Etant la sœur du roi d’Angleterre Charles II, Henriette sert d’intermédiaire entre son pays d’origine et la France. Monsieur se montre jaloux de son épouse, à qui le roi confie une mission diplomatique en 1670 alors qu’on refuse à Philippe tout rôle politique. En colère, le duc d’Orléans tente de mettre sa femme enceinte, pour compromettre sa visite en Angleterre, en vain. Ainsi, Henriette parvient à faire signer le traité de Douvres à son frère, le 1er juin (un accord entre les deux pays, alors en conflit).
A son retour en France, elle semble maigre et fatiguée. Le 24 juin 1670, la duchesse se plaint d’une douleur à un côté. Le 28, la douleur n’est toujours pas passée et Henriette confie à son entourage qu’elle ne se sent pas bien. Le 29, elle boit une tasse de chicoré à cinq heures de l’après-midi puis s’effondre, se tordant de douleurs, hurlant qu’elle est empoisonnée. Elle meurt dans la nuit, au château de Saint-Cloud, après avoir dit à son époux : « Vous ne m’avez jamais aimé ». Des soupçons d’empoisonnement se portent sur Philippe et son favori, le chevalier de Lorraine.
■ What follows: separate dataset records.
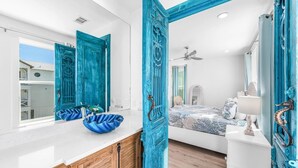 A bedroom with a bed, a dresser, a mirror, and a bathroom with a sink and a blue bowl. - 10 Min WalkTo 30A Beach Rooftop View & Cinema (Santa Rosa Beach)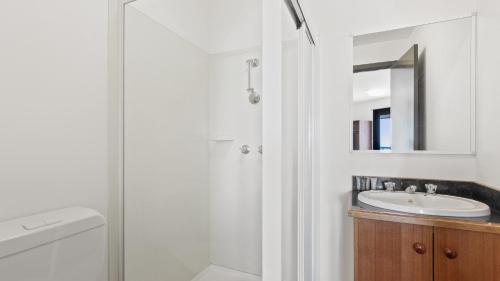 a white bathroom with a sink and a mirror at Alpine Heights 18 in Mount Hotham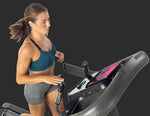 Horizon 7.4AT treadmill with female runner using easy dial speed and incline controls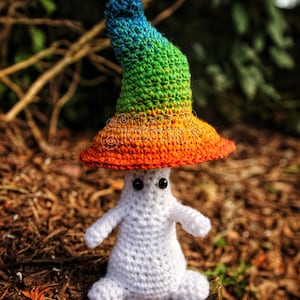May include: A white crocheted ghost wearing a rainbow crocheted hat. The hat has a pointed top and a wide brim. The ghost is sitting on a bed of brown pine needles.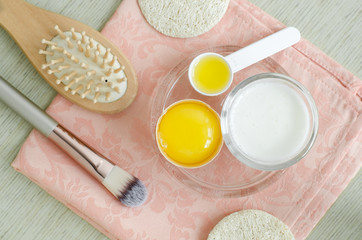 Greek yogurt (sour cream or kefir), raw egg and olive oil - ingredients for preparing diy face and hair masks, scrubs and moisturizers. Homemade beauty treatments recipe. Top view, copy space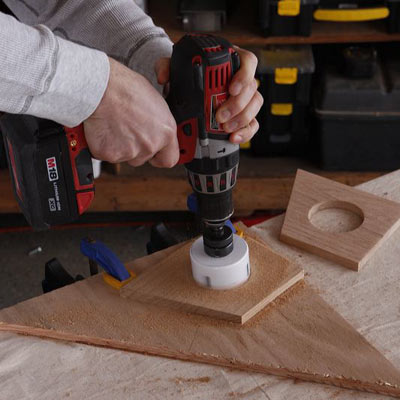 man installing coaster blocks on poker table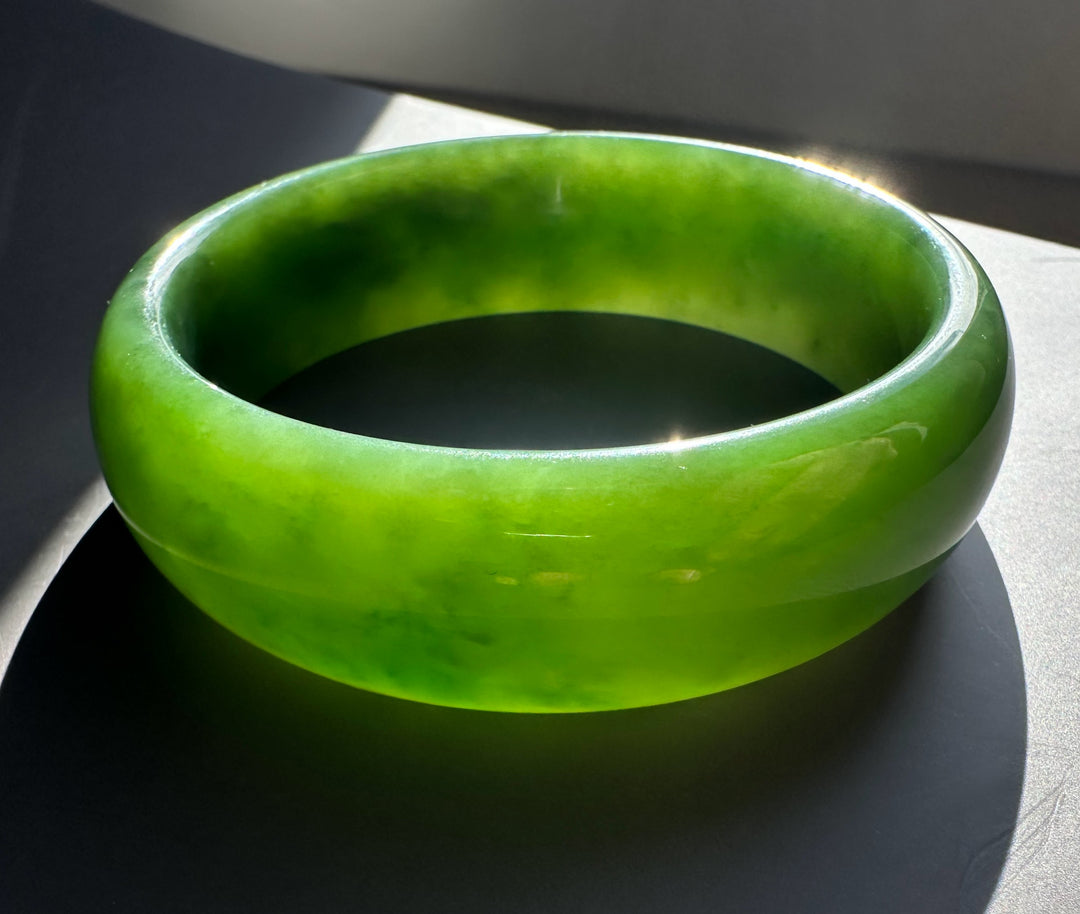 AA Grade Siberian Bangle 60 x 19mm in vivid green jade, close-up side view highlighting thickness and glossy finish.
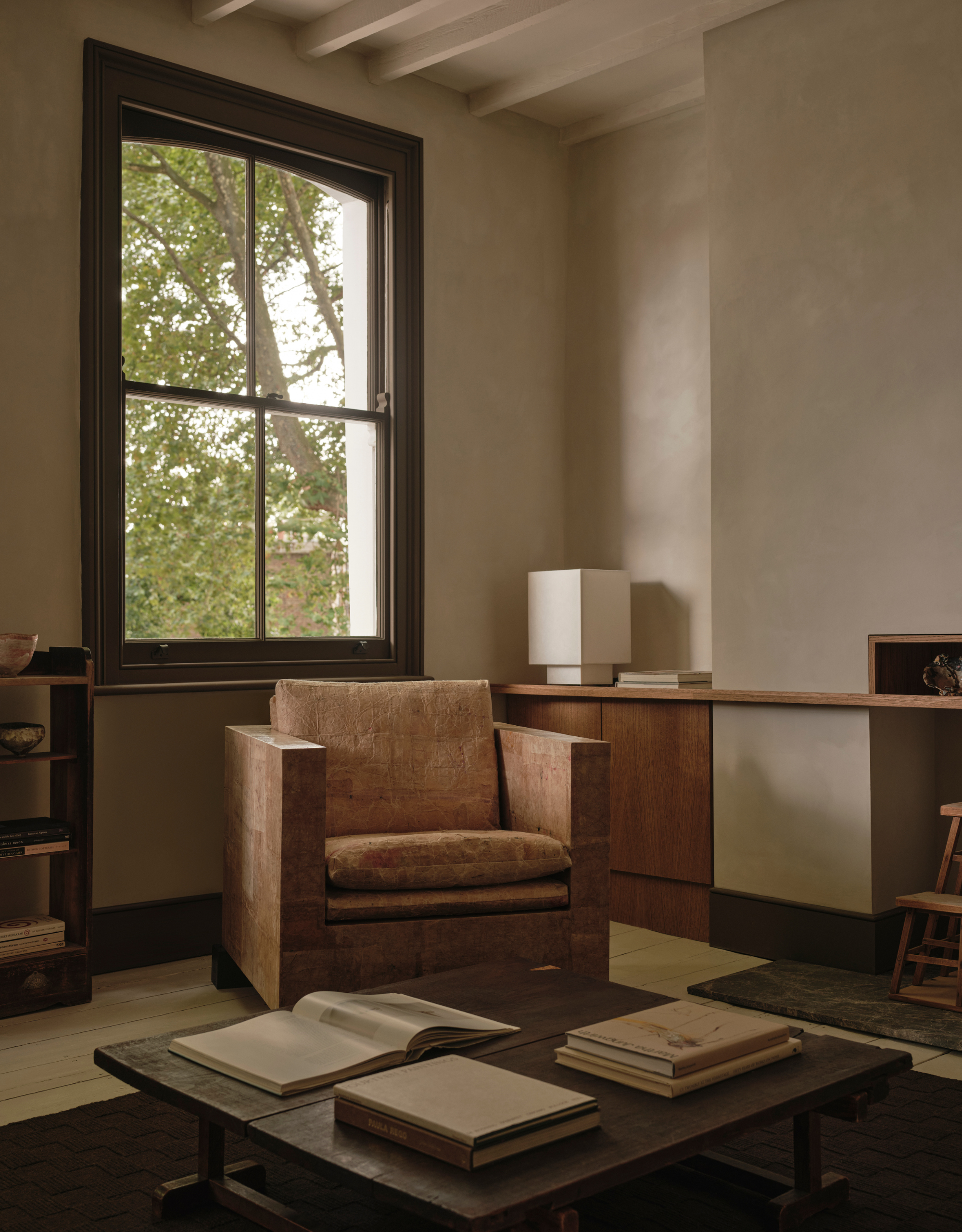 A living room with a bright window, a textured armchair, a coffee table with books, a square white table lamp, and ceramics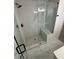 Luxurious shower featuring marble walls, a built-in bench, and modern fixtures providing a spa-like experience at 1789 Springhouse Ct, Lawrenceville, GA 30043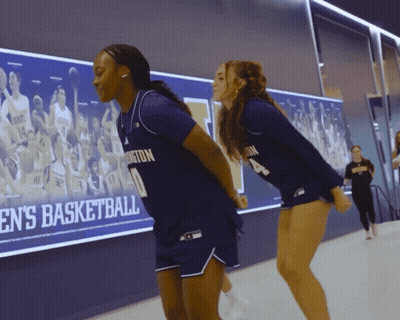 Two Female Basketball Players In Front Of Men's Basketball Wall GIF
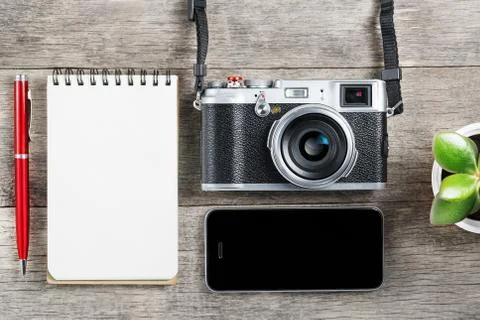 Classic camera with blank notepad page and red pen on gray wooden, vintage de Foto stock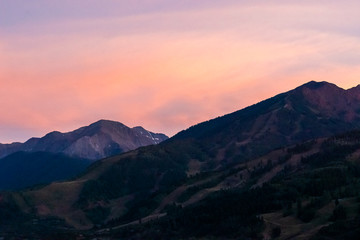 Naklejka na ściany i meble Pink orange sunset in Aspen, Colorado with rocky mountains peak in autumn and vibrant pastel color at twilight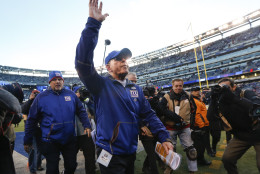 New York Giants head coach Tom Coughlin walks off the field after the Giants lost 35-30 to the Philadelphia Eagles in an NFL football game, Sunday, Jan. 3, 2016, in East Rutherford, N.J. (AP Photo/Julio Cortez)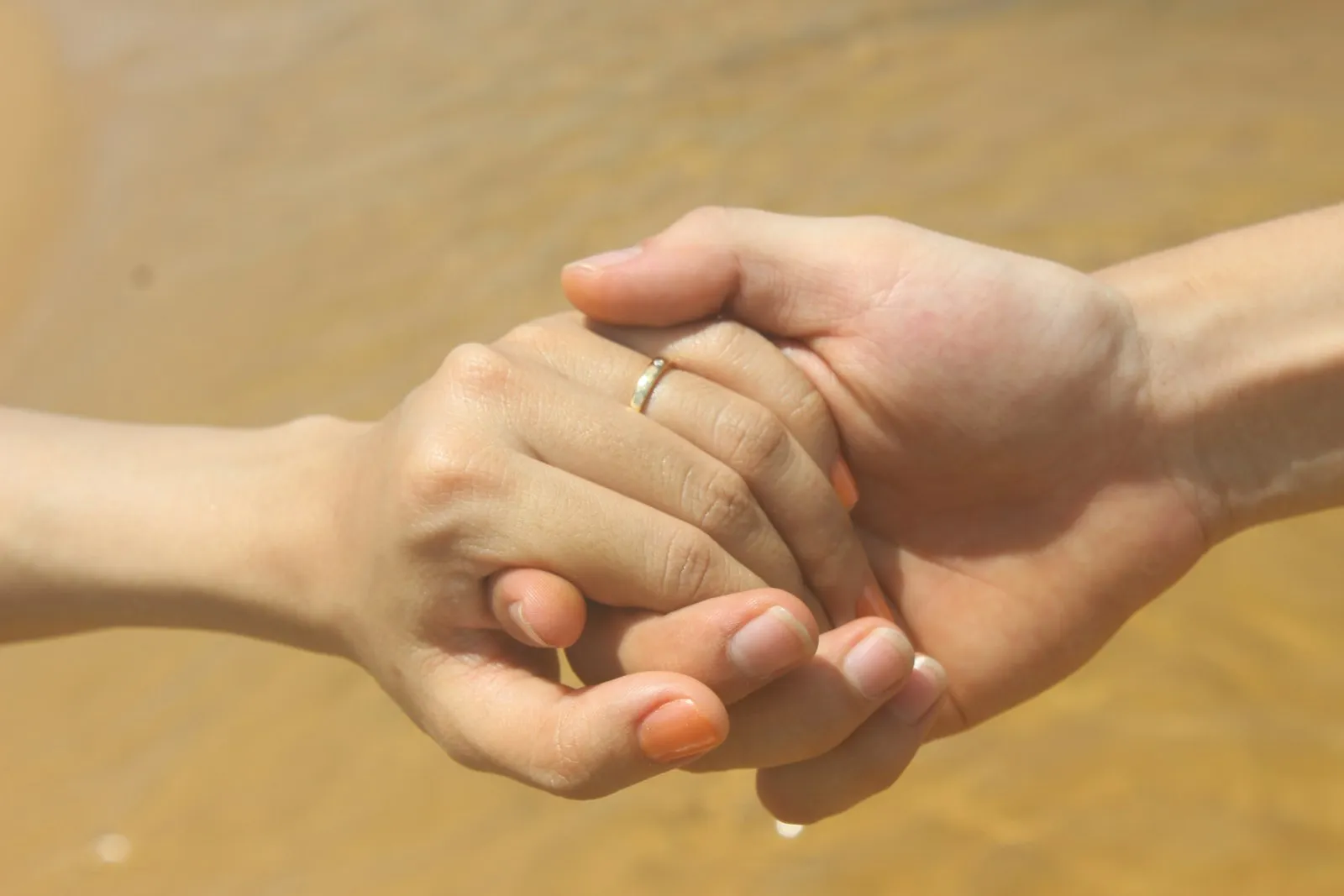 Wrongful Death Lawyer in Bellerose – two people holding hands in comfort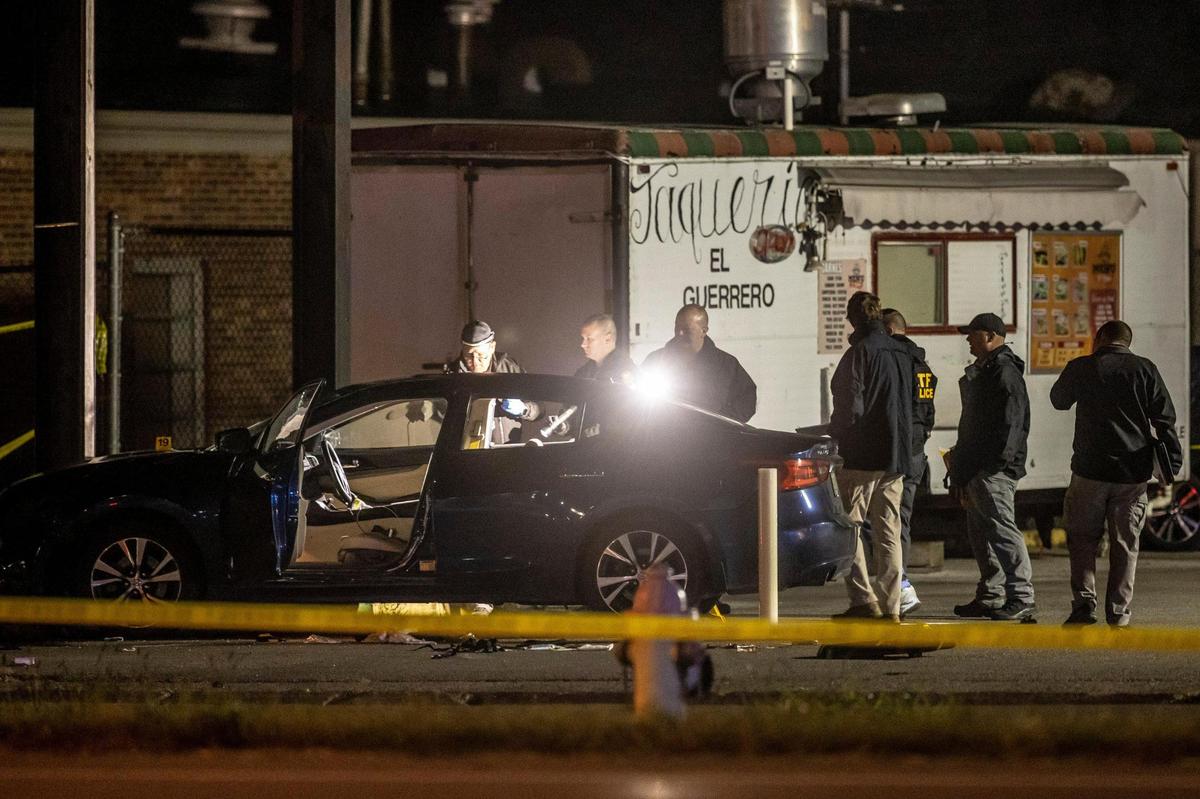 Members of law enforcement investigate the scene where a Lexington police officer and another person were reportedly shot near Deja Vu on New Circle Road.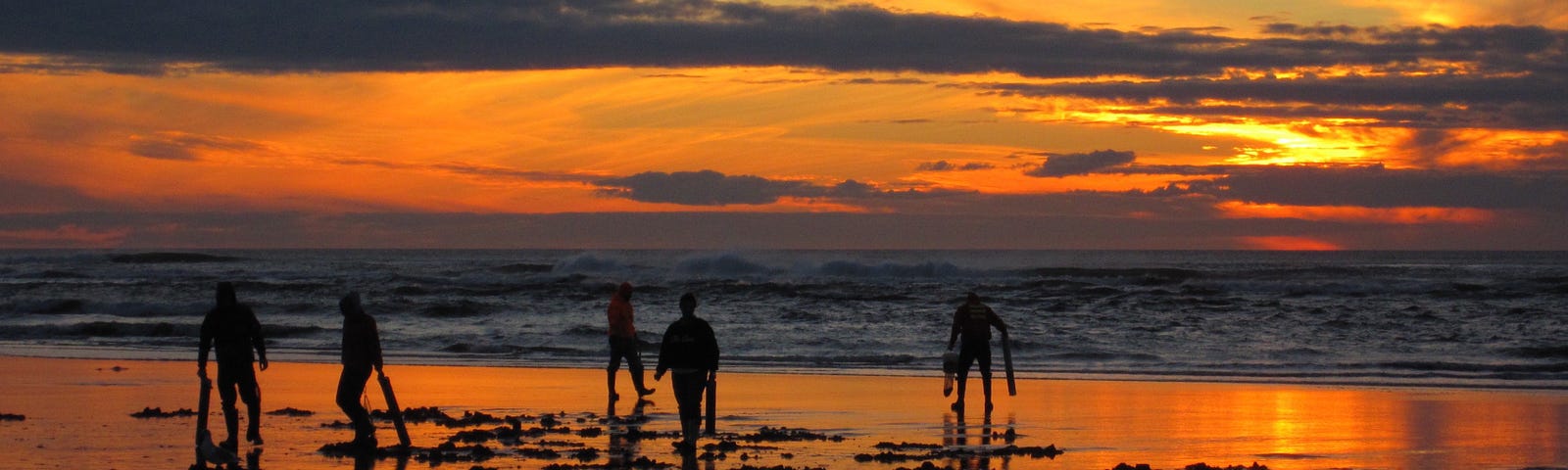 People on the beach at sunset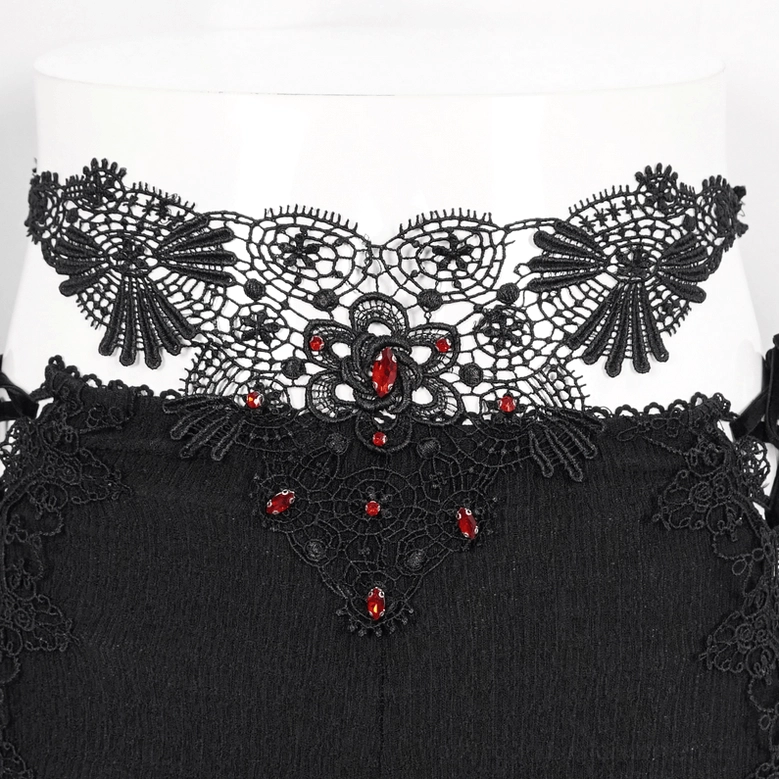 Close-up detail of gothic trousers waistband featuring black floral lace and crimson gemstone decorations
Louis XIV ordonne une autopsie qui conclue qu’Henriette est morte de façon naturelle, ayant été trop souvent enceinte et d’une santé fragile. Ses organes vitaux sont trouvés dans un état si lamentable que les médecins s’étonnent même que la duchesse ait vécu si longtemps. Pourtant, certaines personnes – dont son frère Charles II, sa fille aînée Marie-Louise, et la seconde épouse de Philippe d’Orléans, la princesse Palatine – resteront persuadées que la duchesse est morte empoisonnée. Henriette est inhumée le 21 aout 1670, à Saint-Denis. Lors de son oraison funèbre, Bossuet aura ces mots restés célèbres : « Madame se meurt, Madame est morte ».
Pour en savoir plus : Louis XIV et les reines de cœur
Bibliographie :
– Les reines de France au temps des Bourbons : les Femmes du Roi-Soleil, par Simone Bertière
– Henriette d’Angleterre, duchesse d’Orléans, par Jacqueline Duchêne
– Monsieur, frère de Louis XIV, par Philippe Erlanger
– Histoire de Madame Henriette d’Angleterre, par Madame de La Fayette (née Marie-Madeleine Pioche de La Vergne)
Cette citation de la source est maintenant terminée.